- _BRIEF_
Which lines of the entries below run from the one holding "brown leaves, watercolor" to the one holding "Hand Knotted Rug", inclusive? Set down exactly those lines and no others.

- _STORED DATA_
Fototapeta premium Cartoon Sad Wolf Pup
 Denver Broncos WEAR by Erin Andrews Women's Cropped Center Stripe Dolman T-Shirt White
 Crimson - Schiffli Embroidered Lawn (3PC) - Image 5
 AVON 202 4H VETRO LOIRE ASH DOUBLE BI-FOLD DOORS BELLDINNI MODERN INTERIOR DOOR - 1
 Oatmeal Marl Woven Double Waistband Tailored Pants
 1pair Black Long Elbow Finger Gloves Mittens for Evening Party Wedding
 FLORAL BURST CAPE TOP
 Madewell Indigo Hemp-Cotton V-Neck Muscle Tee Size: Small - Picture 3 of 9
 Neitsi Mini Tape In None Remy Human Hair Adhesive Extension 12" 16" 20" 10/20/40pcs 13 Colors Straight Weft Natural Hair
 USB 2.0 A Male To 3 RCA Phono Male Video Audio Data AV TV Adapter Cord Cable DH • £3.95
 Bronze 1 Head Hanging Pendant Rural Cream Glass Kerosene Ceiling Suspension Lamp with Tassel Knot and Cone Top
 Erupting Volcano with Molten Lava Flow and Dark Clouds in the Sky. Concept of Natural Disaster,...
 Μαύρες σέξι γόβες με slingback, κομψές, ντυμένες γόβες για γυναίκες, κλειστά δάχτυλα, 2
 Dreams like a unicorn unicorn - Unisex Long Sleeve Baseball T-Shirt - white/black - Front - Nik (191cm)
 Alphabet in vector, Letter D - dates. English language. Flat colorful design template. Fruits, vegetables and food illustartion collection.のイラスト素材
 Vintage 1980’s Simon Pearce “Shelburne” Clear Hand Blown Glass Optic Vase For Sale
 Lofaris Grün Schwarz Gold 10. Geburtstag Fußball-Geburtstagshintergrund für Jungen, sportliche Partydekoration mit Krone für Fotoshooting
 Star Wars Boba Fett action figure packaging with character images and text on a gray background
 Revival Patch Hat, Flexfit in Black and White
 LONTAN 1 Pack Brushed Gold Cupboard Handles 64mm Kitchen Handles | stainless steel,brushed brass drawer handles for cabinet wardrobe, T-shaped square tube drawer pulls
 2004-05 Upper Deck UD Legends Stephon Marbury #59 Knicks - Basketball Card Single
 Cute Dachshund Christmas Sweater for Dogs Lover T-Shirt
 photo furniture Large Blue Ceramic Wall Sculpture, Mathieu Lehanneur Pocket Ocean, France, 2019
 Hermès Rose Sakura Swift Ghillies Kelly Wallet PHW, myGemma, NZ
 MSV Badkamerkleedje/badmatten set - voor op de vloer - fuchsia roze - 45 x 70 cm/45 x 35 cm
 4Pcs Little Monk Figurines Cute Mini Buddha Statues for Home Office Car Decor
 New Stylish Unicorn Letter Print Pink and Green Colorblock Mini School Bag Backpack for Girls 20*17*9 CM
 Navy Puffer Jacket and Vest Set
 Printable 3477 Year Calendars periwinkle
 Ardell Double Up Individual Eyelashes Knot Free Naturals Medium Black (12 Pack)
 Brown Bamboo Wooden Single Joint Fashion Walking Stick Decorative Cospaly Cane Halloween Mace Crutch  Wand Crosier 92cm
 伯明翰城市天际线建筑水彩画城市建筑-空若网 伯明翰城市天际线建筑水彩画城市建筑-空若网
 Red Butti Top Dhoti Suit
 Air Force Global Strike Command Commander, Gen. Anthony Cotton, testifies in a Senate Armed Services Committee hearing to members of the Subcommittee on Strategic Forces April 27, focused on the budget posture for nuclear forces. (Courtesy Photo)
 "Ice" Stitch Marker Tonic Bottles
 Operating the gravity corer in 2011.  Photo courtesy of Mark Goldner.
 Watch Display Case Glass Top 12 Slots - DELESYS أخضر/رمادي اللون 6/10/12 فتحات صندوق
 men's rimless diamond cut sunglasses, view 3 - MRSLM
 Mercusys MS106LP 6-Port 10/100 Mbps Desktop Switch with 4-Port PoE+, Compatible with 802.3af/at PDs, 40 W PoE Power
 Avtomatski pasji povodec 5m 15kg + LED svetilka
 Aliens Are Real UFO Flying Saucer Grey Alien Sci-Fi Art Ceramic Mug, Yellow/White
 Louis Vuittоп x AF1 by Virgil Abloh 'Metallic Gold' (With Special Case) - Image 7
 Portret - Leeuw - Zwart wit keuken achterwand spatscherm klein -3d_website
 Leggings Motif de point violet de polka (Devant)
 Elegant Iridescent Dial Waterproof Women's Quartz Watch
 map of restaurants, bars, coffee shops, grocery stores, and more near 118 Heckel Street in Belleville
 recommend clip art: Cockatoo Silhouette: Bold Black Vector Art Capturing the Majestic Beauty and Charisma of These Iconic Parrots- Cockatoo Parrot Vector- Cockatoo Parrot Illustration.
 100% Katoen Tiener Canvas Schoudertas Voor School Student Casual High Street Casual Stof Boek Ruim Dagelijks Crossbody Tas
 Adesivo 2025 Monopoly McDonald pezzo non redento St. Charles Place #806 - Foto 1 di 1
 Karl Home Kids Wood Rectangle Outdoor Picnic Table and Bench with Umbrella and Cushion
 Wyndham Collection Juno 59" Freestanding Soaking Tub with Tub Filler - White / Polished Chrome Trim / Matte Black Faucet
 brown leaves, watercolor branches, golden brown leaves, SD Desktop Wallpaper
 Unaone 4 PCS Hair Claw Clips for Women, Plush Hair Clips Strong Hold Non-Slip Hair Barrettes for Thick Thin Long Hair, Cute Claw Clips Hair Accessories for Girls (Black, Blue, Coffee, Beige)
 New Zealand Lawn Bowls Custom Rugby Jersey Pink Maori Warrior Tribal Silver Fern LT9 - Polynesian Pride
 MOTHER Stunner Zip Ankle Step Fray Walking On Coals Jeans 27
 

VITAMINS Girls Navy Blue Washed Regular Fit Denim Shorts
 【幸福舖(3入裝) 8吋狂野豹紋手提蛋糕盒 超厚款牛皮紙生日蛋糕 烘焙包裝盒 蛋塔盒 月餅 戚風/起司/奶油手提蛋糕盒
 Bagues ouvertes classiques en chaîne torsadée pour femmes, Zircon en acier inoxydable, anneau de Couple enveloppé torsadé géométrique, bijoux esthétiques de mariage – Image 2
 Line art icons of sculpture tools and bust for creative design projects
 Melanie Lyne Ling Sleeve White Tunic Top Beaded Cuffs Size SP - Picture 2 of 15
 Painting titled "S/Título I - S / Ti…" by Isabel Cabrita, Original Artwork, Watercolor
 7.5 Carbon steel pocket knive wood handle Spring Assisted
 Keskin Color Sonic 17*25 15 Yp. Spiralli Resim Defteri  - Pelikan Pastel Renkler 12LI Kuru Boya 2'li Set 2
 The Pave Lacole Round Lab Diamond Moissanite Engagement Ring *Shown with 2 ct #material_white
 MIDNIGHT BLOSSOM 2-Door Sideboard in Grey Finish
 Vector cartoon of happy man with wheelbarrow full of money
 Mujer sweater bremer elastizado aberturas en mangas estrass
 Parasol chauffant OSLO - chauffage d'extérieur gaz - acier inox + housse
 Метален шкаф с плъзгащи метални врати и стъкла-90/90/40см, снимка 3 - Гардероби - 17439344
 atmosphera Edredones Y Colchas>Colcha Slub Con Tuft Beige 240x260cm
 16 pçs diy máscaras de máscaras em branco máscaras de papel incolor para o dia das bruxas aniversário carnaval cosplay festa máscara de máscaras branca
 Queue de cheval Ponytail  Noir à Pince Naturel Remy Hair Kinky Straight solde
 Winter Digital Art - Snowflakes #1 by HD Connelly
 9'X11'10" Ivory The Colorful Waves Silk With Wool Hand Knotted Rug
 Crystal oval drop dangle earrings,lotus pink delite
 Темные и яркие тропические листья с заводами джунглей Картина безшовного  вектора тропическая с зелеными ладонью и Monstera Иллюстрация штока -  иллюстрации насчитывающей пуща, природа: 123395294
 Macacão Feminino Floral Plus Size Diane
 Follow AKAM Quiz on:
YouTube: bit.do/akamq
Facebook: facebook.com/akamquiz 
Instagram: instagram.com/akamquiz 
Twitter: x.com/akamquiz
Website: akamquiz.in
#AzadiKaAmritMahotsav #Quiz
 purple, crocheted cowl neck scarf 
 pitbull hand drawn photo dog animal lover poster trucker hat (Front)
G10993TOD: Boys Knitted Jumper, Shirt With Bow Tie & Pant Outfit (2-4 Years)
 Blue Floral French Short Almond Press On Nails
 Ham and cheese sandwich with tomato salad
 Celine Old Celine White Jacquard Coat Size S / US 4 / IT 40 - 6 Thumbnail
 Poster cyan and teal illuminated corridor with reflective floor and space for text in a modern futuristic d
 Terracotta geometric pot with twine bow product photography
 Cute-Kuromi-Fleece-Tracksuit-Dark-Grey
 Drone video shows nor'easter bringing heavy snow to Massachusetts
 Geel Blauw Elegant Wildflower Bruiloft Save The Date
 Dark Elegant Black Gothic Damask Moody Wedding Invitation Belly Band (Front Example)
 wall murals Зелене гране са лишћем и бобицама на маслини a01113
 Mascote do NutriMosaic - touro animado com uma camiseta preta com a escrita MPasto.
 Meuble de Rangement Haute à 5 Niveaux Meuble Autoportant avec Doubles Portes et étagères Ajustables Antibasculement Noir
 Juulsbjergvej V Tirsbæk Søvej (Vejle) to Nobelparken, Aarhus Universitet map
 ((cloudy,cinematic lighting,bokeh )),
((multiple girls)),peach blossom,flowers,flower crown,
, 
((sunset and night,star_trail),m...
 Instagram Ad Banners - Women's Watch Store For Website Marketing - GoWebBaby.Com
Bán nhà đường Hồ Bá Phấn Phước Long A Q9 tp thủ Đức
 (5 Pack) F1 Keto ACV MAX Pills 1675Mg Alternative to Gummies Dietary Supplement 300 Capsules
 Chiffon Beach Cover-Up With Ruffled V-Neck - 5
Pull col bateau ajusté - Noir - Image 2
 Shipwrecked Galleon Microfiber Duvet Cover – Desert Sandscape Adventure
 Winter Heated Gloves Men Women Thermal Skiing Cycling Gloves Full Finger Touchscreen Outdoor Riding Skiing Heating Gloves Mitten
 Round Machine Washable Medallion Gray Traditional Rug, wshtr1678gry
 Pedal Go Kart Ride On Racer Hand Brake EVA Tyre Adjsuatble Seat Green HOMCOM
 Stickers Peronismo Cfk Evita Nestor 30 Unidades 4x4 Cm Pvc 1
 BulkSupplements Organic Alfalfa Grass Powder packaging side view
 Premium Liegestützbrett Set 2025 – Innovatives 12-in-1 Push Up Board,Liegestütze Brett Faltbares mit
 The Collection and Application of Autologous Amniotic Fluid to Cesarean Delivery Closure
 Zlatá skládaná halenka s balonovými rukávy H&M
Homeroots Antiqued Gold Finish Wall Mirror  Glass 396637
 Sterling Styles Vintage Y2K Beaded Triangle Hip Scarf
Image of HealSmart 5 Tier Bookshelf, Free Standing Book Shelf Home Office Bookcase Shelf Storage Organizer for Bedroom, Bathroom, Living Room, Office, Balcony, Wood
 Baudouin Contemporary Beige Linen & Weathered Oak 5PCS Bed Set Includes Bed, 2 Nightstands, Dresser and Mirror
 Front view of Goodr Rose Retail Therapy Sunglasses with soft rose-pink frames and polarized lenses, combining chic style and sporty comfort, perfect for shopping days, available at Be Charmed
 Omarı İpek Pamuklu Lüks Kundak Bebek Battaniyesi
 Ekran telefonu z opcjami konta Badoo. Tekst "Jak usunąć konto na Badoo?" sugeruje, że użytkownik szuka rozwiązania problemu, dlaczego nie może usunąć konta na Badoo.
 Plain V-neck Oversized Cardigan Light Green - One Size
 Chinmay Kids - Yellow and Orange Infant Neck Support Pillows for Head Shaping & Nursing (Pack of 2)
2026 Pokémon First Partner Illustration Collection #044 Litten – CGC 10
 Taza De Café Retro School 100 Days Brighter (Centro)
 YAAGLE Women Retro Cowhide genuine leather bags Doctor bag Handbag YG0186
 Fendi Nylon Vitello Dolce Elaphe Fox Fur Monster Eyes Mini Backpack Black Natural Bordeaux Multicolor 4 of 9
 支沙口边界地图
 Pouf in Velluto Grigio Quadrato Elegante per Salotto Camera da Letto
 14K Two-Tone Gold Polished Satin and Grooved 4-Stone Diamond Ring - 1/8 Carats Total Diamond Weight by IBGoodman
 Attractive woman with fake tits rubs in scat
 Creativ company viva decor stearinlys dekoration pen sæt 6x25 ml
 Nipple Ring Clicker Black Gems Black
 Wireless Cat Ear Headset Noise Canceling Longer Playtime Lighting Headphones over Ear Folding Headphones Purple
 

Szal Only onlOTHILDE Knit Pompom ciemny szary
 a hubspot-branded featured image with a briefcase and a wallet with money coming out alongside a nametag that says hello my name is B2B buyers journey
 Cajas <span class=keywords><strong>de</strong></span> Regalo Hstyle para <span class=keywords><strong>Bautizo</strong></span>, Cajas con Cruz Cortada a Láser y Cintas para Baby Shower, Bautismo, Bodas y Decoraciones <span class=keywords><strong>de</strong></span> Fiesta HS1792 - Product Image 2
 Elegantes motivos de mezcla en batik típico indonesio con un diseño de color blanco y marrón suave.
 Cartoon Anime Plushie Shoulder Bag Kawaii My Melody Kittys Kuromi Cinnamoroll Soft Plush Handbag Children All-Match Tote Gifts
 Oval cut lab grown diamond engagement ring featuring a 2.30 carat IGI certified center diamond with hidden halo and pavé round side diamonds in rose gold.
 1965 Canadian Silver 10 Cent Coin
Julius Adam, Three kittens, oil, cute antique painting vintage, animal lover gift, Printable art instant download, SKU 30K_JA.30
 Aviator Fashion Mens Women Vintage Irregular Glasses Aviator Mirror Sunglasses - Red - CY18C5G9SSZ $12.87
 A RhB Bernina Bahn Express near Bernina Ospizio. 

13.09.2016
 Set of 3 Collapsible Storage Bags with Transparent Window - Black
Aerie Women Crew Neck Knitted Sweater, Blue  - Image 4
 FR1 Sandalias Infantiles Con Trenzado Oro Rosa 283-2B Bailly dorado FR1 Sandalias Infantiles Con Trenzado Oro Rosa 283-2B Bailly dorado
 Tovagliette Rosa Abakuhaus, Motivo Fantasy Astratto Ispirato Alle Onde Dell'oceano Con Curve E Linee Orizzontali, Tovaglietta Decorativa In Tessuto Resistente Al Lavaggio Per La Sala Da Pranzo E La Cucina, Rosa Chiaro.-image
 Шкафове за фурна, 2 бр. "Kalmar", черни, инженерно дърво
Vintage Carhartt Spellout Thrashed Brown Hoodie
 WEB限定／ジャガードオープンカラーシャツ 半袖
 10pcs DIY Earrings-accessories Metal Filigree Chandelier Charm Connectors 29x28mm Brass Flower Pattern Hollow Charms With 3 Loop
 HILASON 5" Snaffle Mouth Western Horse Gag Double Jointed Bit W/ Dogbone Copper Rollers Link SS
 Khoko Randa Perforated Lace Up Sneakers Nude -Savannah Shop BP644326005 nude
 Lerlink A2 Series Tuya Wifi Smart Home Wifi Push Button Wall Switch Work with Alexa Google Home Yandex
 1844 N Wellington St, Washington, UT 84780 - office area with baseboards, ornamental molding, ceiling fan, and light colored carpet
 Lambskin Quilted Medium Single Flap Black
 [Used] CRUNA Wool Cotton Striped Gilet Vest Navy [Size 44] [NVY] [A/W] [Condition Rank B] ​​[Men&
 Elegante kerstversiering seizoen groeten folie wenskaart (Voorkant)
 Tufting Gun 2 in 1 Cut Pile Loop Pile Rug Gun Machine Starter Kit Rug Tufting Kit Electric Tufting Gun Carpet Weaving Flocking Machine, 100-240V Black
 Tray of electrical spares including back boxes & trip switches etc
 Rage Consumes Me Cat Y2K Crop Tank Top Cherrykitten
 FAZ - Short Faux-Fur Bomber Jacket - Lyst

- _EXERCISE SOLUTION_
 brown leaves, watercolor branches, golden brown leaves, SD Desktop Wallpaper
 Unaone 4 PCS Hair Claw Clips for Women, Plush Hair Clips Strong Hold Non-Slip Hair Barrettes for Thick Thin Long Hair, Cute Claw Clips Hair Accessories for Girls (Black, Blue, Coffee, Beige)
 New Zealand Lawn Bowls Custom Rugby Jersey Pink Maori Warrior Tribal Silver Fern LT9 - Polynesian Pride
 MOTHER Stunner Zip Ankle Step Fray Walking On Coals Jeans 27
 

VITAMINS Girls Navy Blue Washed Regular Fit Denim Shorts
 【幸福舖(3入裝) 8吋狂野豹紋手提蛋糕盒 超厚款牛皮紙生日蛋糕 烘焙包裝盒 蛋塔盒 月餅 戚風/起司/奶油手提蛋糕盒
 Bagues ouvertes classiques en chaîne torsadée pour femmes, Zircon en acier inoxydable, anneau de Couple enveloppé torsadé géométrique, bijoux esthétiques de mariage – Image 2
 Line art icons of sculpture tools and bust for creative design projects
 Melanie Lyne Ling Sleeve White Tunic Top Beaded Cuffs Size SP - Picture 2 of 15
 Painting titled "S/Título I - S / Ti…" by Isabel Cabrita, Original Artwork, Watercolor
 7.5 Carbon steel pocket knive wood handle Spring Assisted
 Keskin Color Sonic 17*25 15 Yp. Spiralli Resim Defteri  - Pelikan Pastel Renkler 12LI Kuru Boya 2'li Set 2
 The Pave Lacole Round Lab Diamond Moissanite Engagement Ring *Shown with 2 ct #material_white
 MIDNIGHT BLOSSOM 2-Door Sideboard in Grey Finish
 Vector cartoon of happy man with wheelbarrow full of money
 Mujer sweater bremer elastizado aberturas en mangas estrass
 Parasol chauffant OSLO - chauffage d'extérieur gaz - acier inox + housse
 Метален шкаф с плъзгащи метални врати и стъкла-90/90/40см, снимка 3 - Гардероби - 17439344
 atmosphera Edredones Y Colchas>Colcha Slub Con Tuft Beige 240x260cm
 16 pçs diy máscaras de máscaras em branco máscaras de papel incolor para o dia das bruxas aniversário carnaval cosplay festa máscara de máscaras branca
 Queue de cheval Ponytail  Noir à Pince Naturel Remy Hair Kinky Straight solde
 Winter Digital Art - Snowflakes #1 by HD Connelly
 9'X11'10" Ivory The Colorful Waves Silk With Wool Hand Knotted Rug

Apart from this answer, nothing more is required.